The Two Generals’ Problem
You can’t guarantee a state change across an unreliable network with 100% certainty. You can only increase the probability of success through acknowledgments and retries. This is why idempotent operations are the bedrock of reliable systems—if you don’t know if the command worked, you must be able to send it again without side effects.
Backpressure
If a consumer can’t keep up, the producer must slow down or the system will fail. Don’t hide the failure; surface it. In a microservices architecture, this often manifests as a “thundering herd” if not handled correctly. Using bounded queues and explicit rejection (HTTP 429 or 503) is often better than letting requests sit in a queue until they time out.
Failure Domains
Assume every component will fail.
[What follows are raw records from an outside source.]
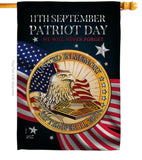 Patriot Day 911 - Military Americana Vertical Impressions Decorative Flags HG137288 Made In USA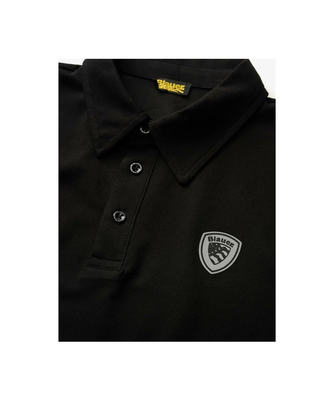 POLO UOMO " KEMP " - NERO BLUT02064 999 BLAUER 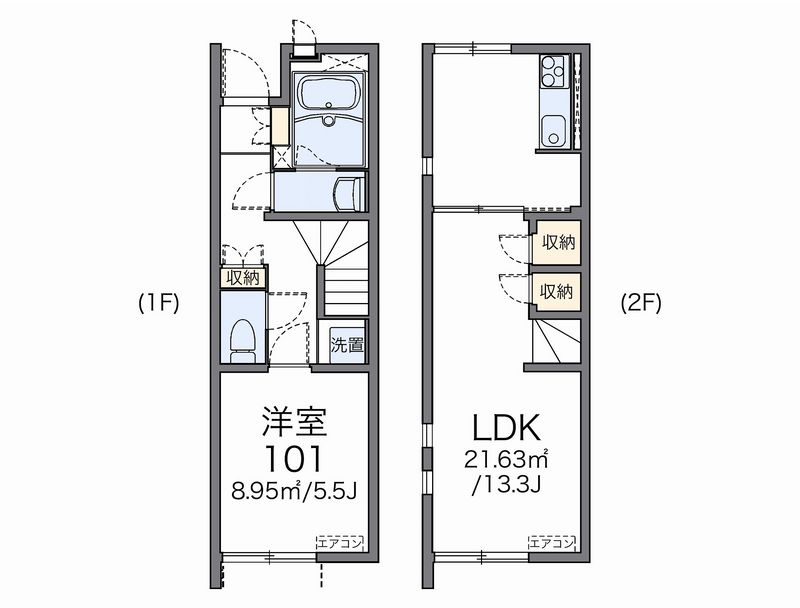 レオネクスト国分通 間取図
Design so that a failure in one region or one service doesn’t cascade. This means graceful degradation. If the search service is down, the user should still be able to view their profile. If the primary database is read-only, the UI should reflect that state instead of just spinning.
Fallacies of Distributed Computing
- The network is reliable.
- Latency is zero.
- Bandwidth is infinite.
- The network is secure.
- Topology doesn’t change.
- There is one administrator.
- Transport cost is zero.
- The network is homogeneous.
Never optimize based on these assumptions. They are the most common source of “impossible” production bugs.